#### [Your instructions]
Would you transcribe exactly the lines from the beginning of the records below through the line with "Images for Drumfield Road, Inverness, IV2", both included, omitting the pictures?

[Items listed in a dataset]
▬▬▬▬▬▬

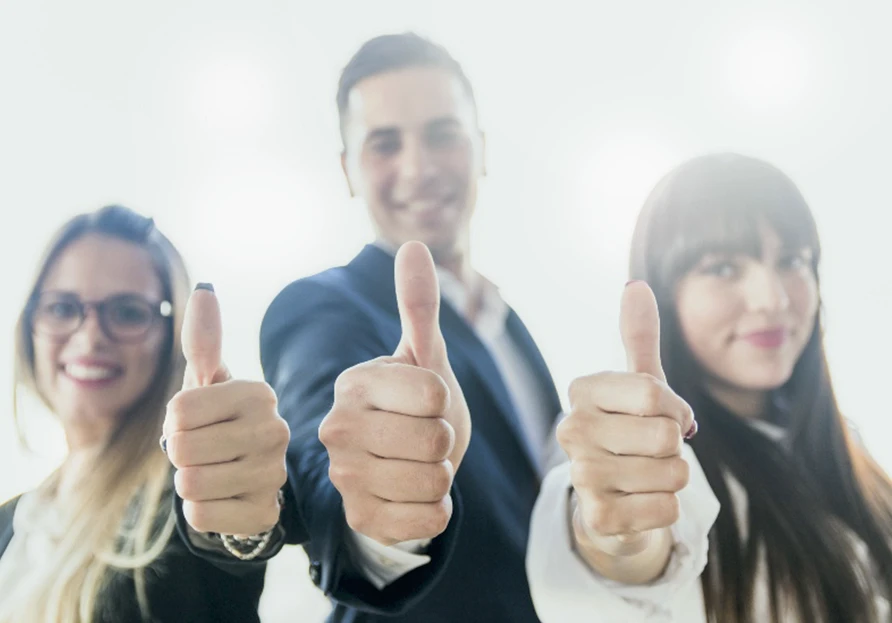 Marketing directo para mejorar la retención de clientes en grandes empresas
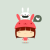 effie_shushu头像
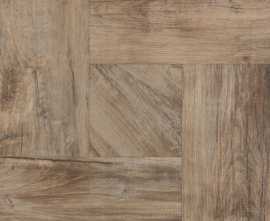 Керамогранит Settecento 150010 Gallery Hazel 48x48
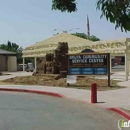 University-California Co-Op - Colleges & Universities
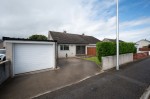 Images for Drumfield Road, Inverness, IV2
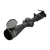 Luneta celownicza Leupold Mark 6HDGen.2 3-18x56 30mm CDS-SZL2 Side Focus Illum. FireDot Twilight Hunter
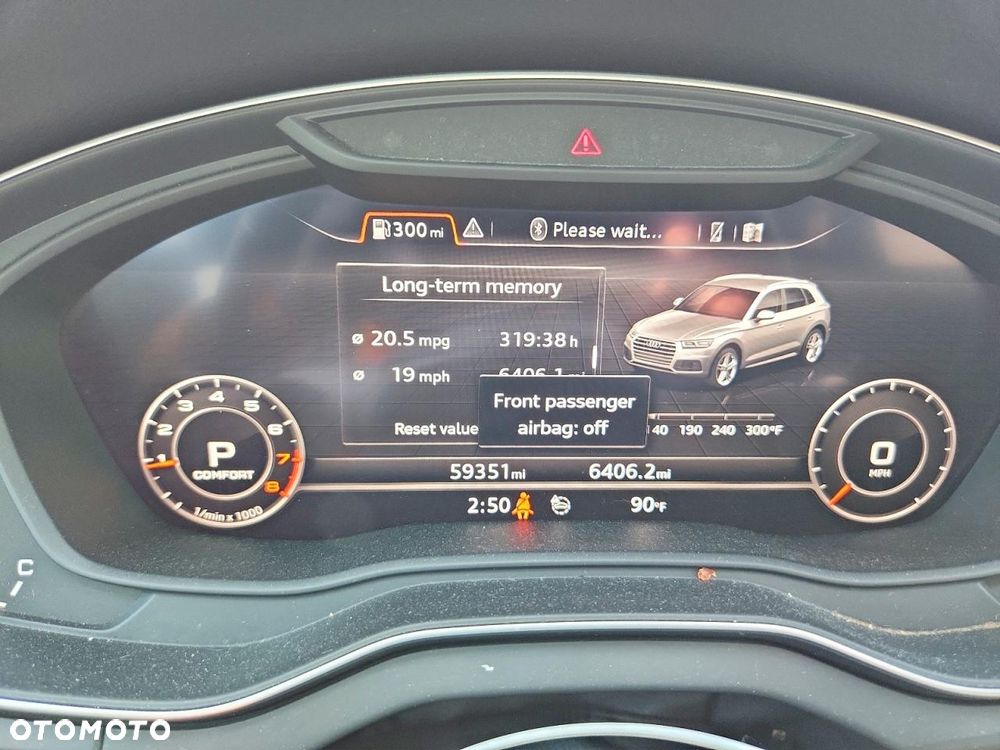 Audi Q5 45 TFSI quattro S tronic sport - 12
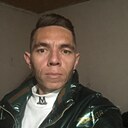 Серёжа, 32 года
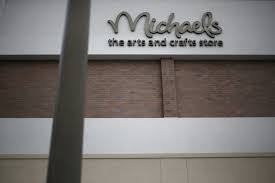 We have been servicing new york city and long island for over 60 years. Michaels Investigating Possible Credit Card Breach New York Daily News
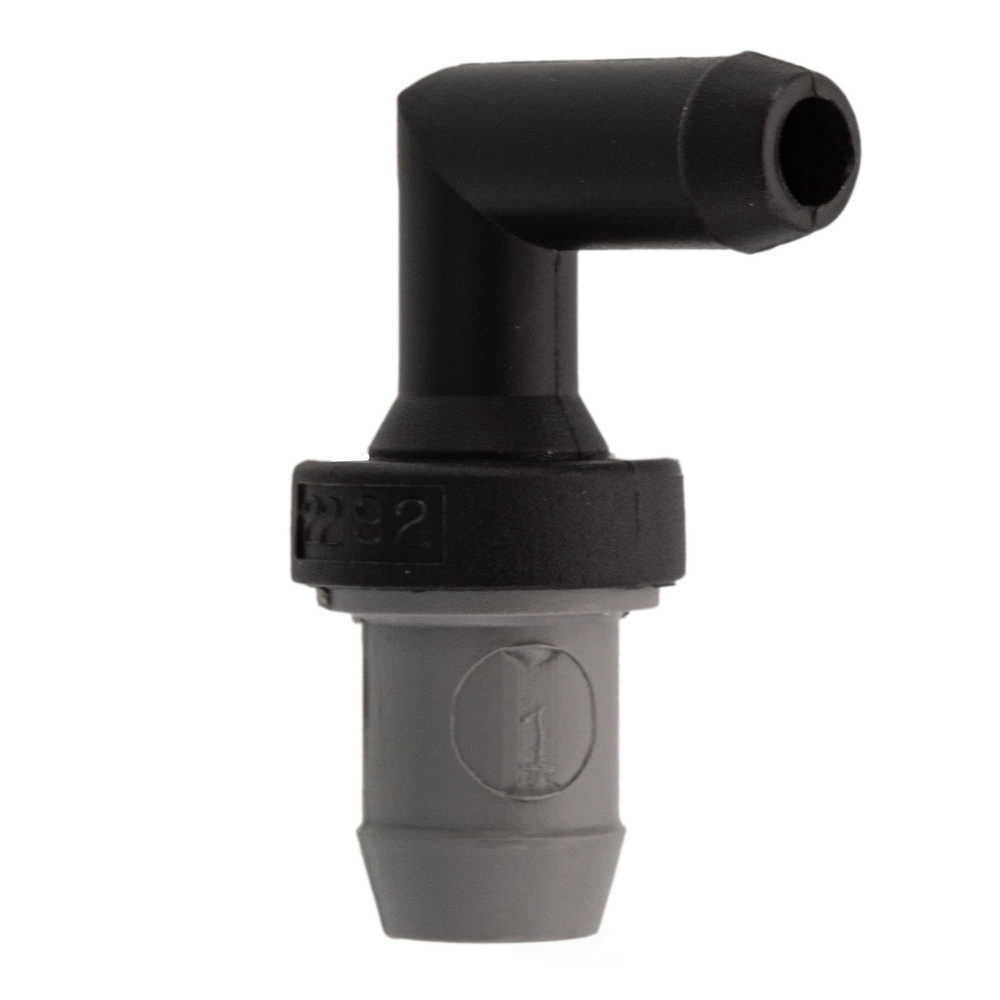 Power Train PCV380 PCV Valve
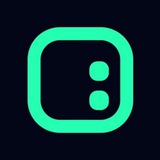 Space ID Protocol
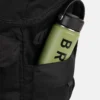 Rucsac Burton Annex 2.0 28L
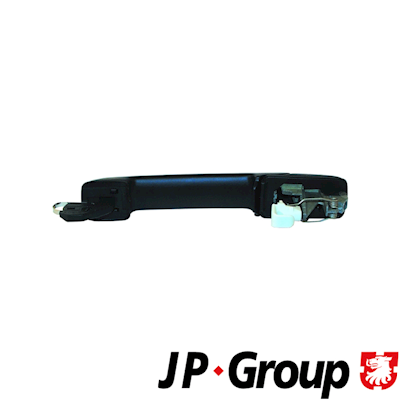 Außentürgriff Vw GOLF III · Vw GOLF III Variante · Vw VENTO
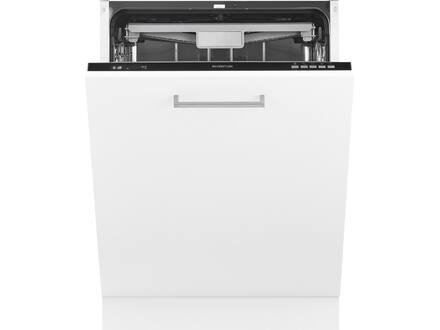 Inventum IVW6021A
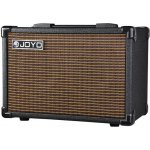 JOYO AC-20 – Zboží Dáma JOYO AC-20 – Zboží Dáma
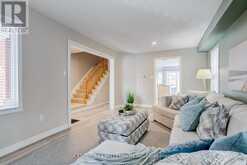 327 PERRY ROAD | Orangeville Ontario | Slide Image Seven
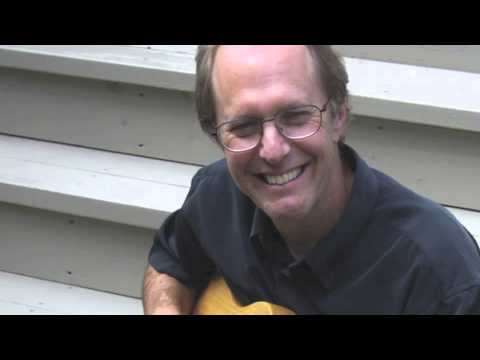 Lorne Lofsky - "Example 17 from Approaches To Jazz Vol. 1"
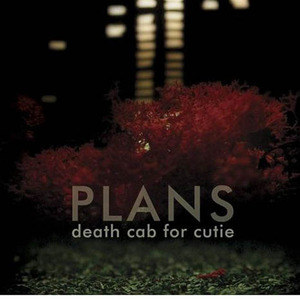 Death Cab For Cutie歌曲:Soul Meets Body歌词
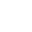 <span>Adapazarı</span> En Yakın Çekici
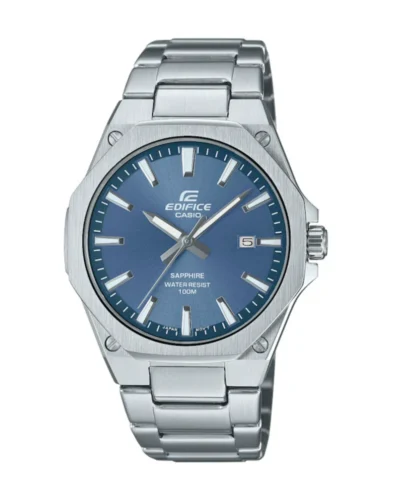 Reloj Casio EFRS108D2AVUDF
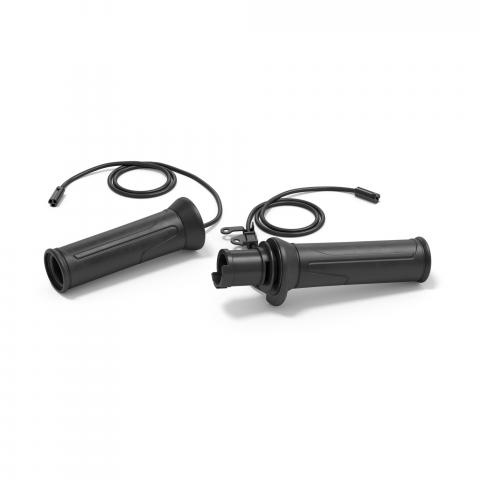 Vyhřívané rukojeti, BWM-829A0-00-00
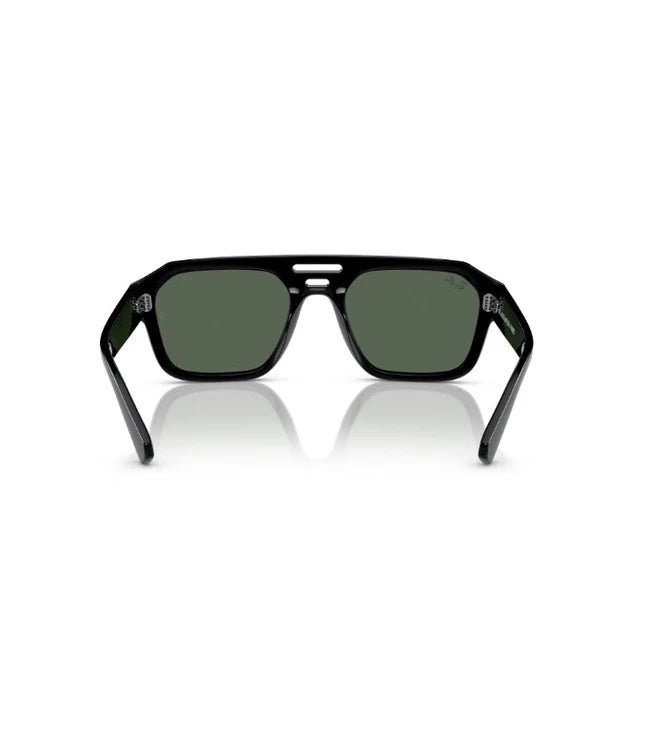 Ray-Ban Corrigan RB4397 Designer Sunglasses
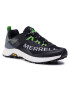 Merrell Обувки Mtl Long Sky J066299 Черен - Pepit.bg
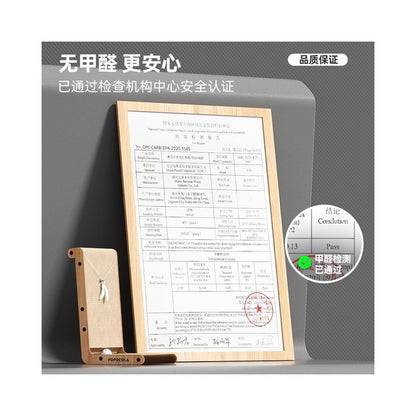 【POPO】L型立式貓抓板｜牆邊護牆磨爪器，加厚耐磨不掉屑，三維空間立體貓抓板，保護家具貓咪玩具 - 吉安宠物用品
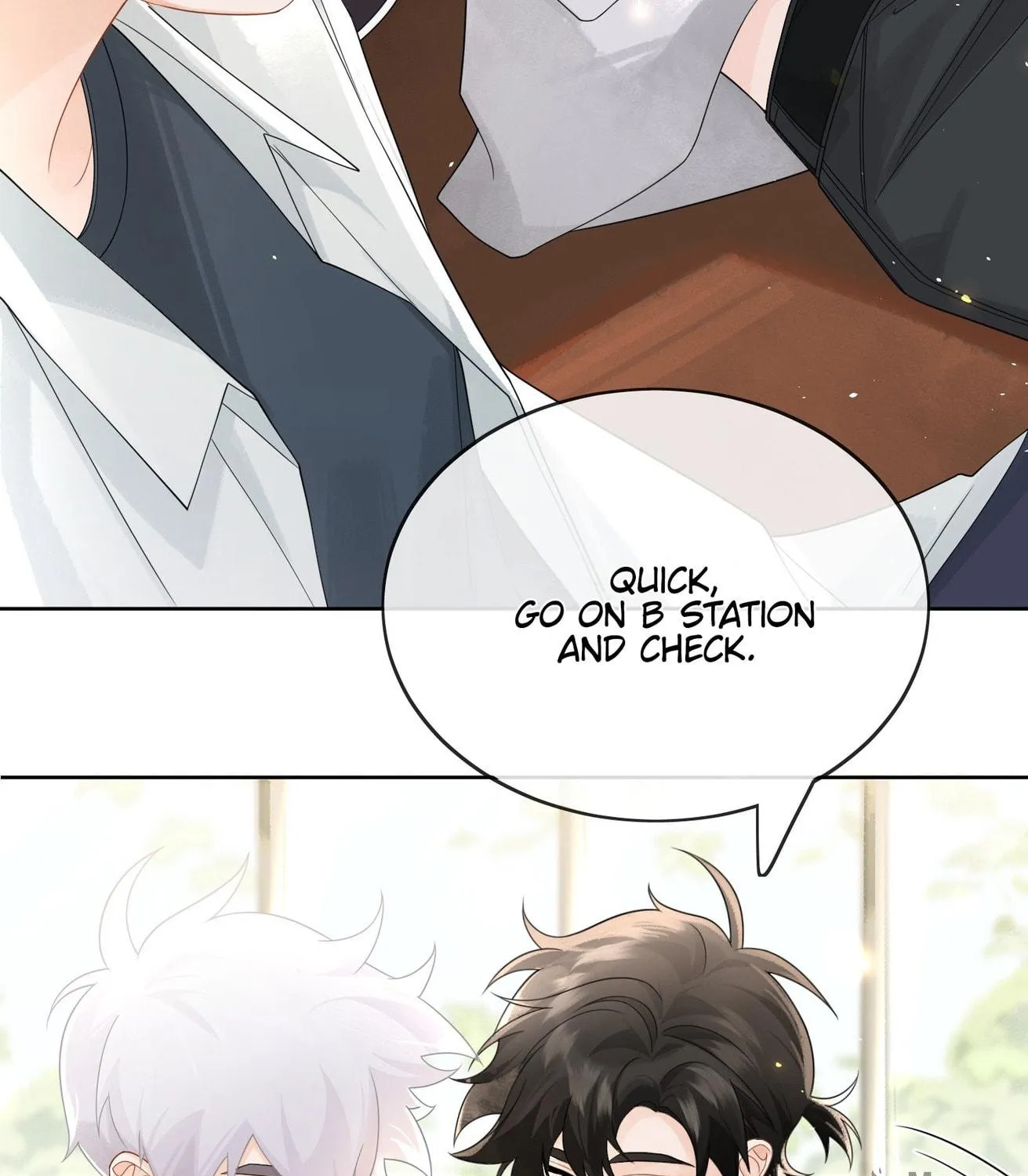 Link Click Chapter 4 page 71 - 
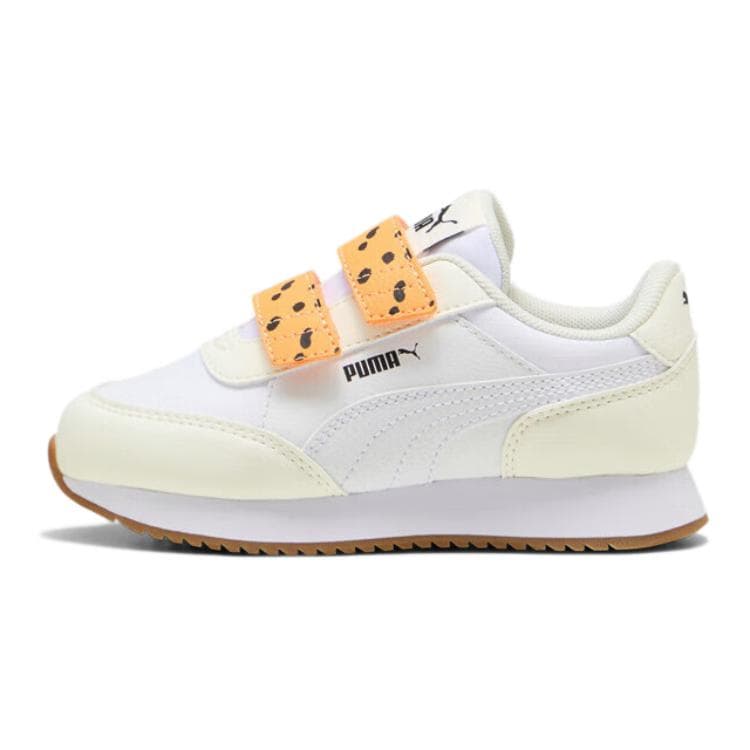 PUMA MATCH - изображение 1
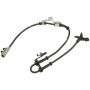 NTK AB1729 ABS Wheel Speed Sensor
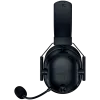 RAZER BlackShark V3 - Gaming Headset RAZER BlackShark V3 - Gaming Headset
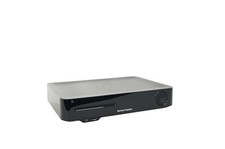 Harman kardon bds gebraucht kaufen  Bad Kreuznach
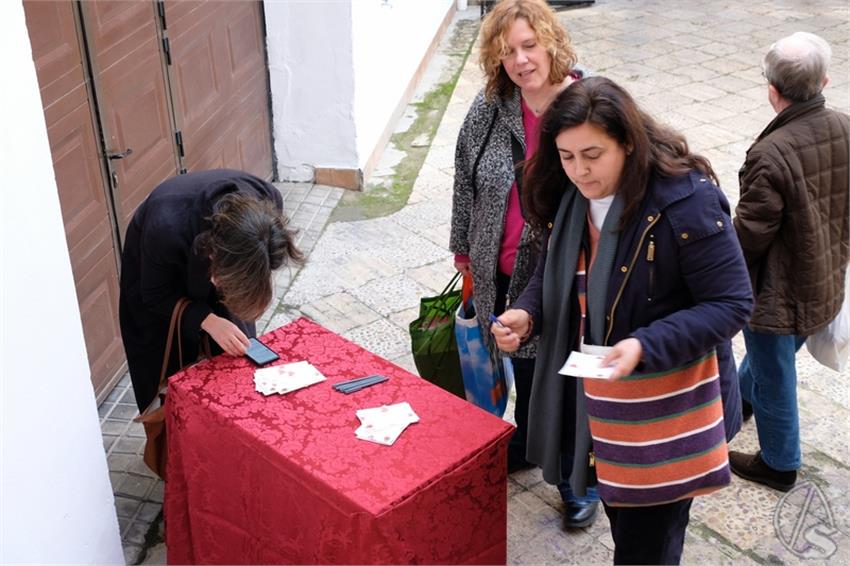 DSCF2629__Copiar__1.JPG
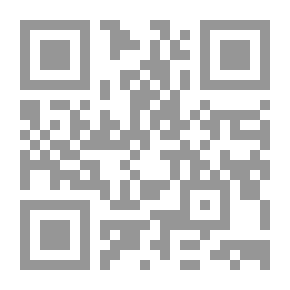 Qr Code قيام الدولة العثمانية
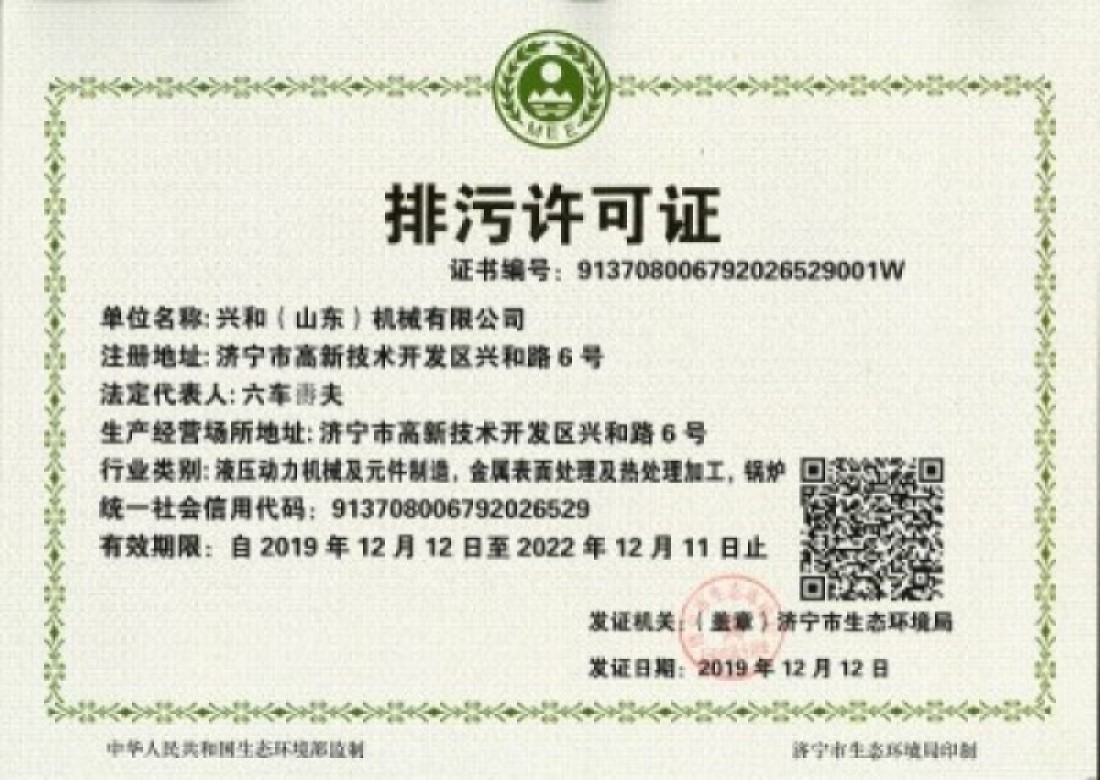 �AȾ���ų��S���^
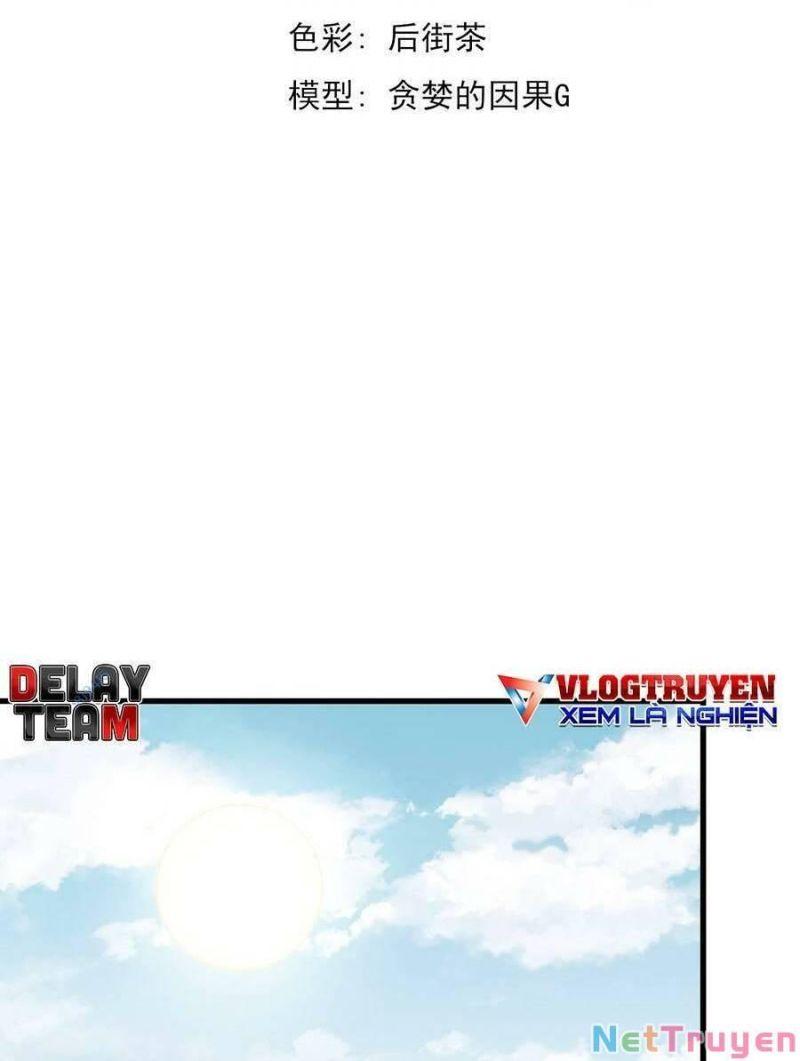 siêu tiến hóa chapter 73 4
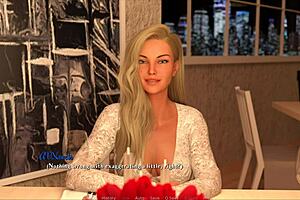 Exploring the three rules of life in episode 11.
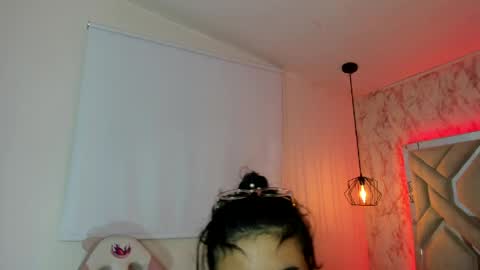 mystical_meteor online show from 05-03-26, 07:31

▬▬▬▬▬▬

#### [Finished task]
 Marketing directo para mejorar la retención de clientes en grandes empresas
 effie_shushu头像
 Керамогранит Settecento 150010 Gallery Hazel 48x48
 University-California Co-Op - Colleges & Universities
 Images for Drumfield Road, Inverness, IV2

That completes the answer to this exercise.